Meski berstatus tersangka, saat ini Polda Bali tidak melakukan penahanan terhadap I Wayan M.
"Yang bersangkutan tidak kami lakukan penahanan," ujarnya.
Baca juga: Sulinggih di Gianyar Jadi Tersangka Kasus Dugaan Pencabulan, Begini Reaksi PHDI Bali
Kuasa hukum korban YD (33), Ni Luh Nengah Budawati, SH, MH mengatakan oknum sulinggih I Wayan M itu dilaporkan ke Polda Bali pada 9 Juli 2020 atas kasus dugaan pelecehan seksual terhadap kliennya saat melukat atau melakukan upacara spiritual pembersihan diri di Pura Campuhan Pakerisan, Tampaksiring, Gianyar, Bali, pada 4 Juli 2020.
Padahal tujuan pasangan suami istri itu hanya untuk tangkil atau persembahyangan ke Pura.

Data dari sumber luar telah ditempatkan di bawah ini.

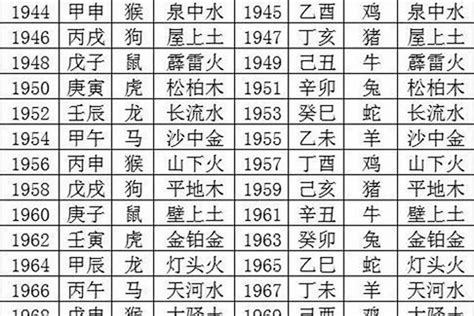 年份五行婚配|属相婚配,属相配对,夫妻五行属相配对,八字婚配测算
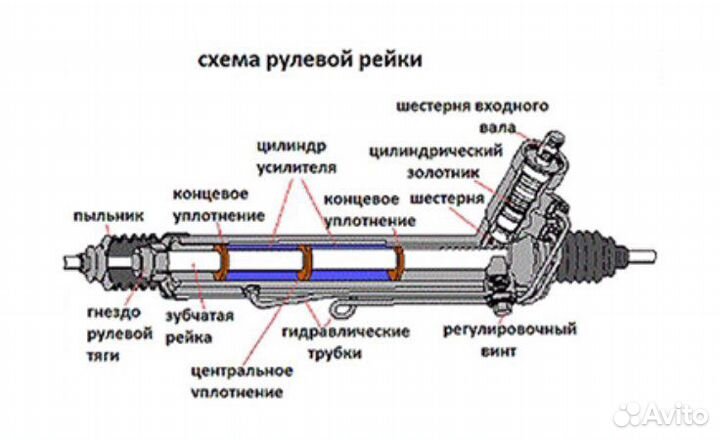 Рейка рулевая hyundai i30 (Kia Ceed) под электроус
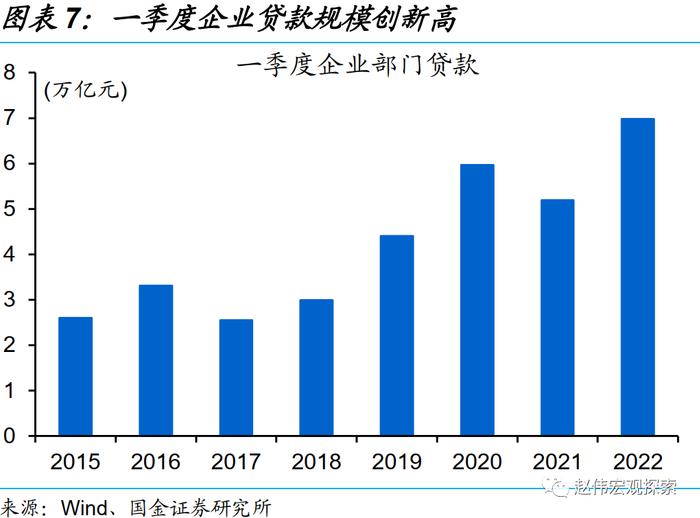 国金证券：一季度的融资结构有何特征？钱去哪儿了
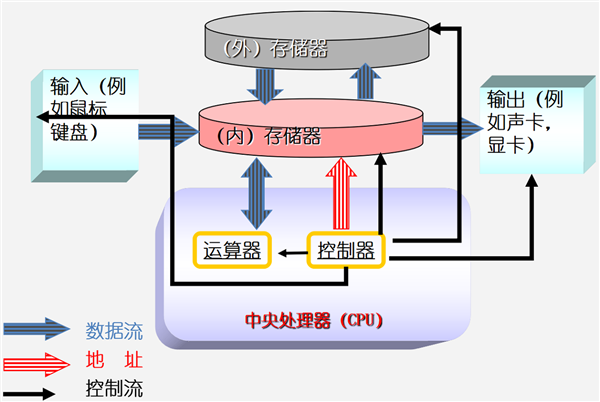手机内存都已经16gb了pc的8gb内存真的还够用吗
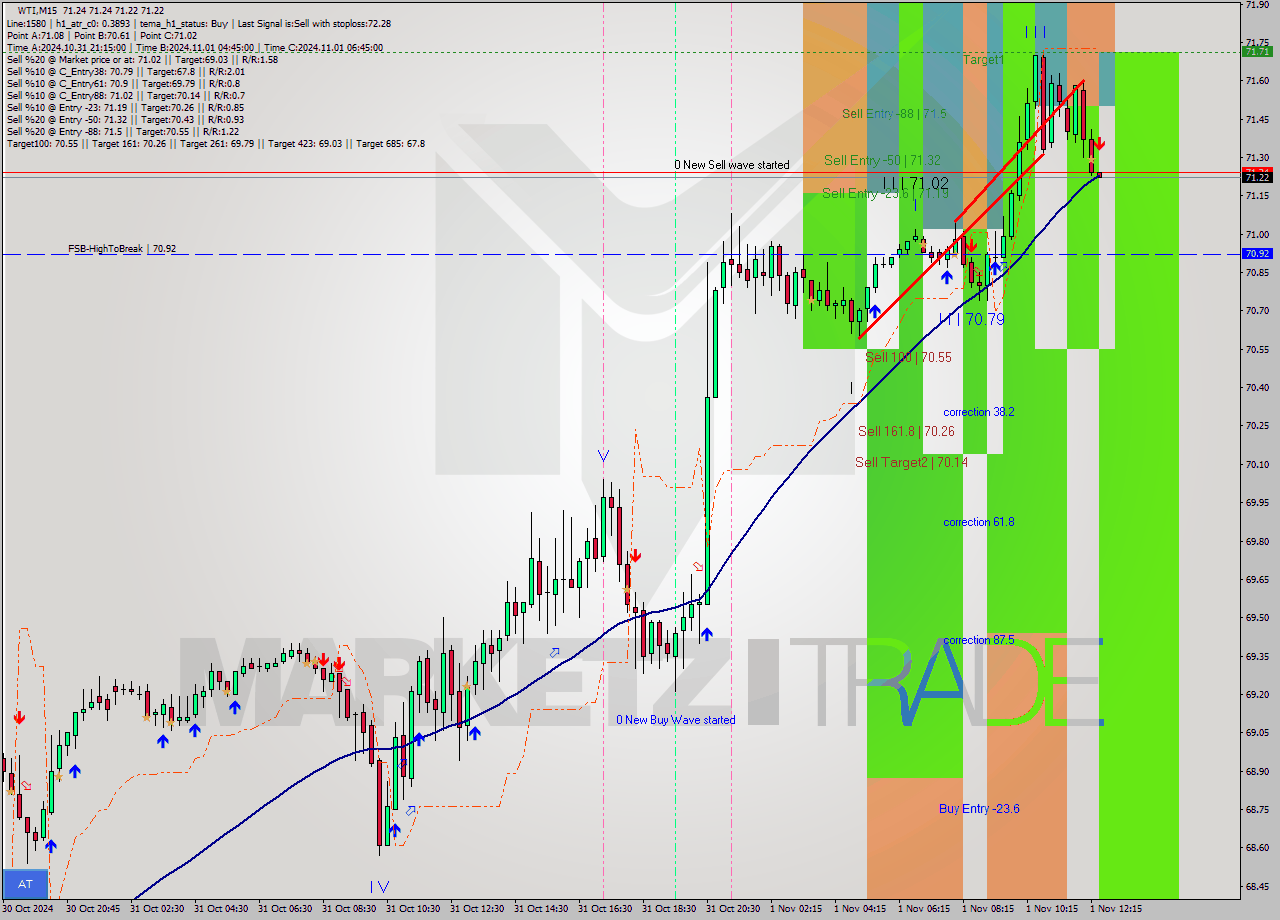 WTI M15 Signal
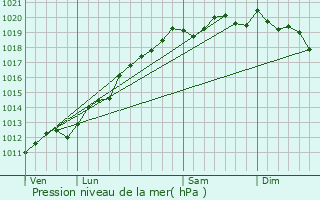 Graphe de la pression atmosphrique prvue pour Linthal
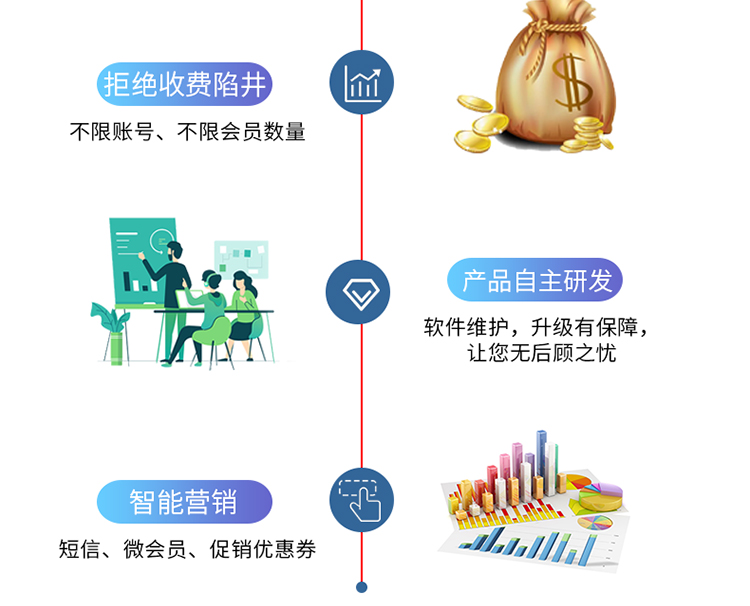 汽车美容洗车会员收银软件_03.jpg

Hingga kini penanganan kasus dugaan pelecehan seksual yang terjadi di Gianyar, Bali ini masih berproses di Polda Bali.
Budawati yang juga aktif di Woman Crisis Centre (WCC) juga berupaya memulihkan trauma akibat pengalaman buruk yang dialami korban yang sudah hampir setahun berjalan itu.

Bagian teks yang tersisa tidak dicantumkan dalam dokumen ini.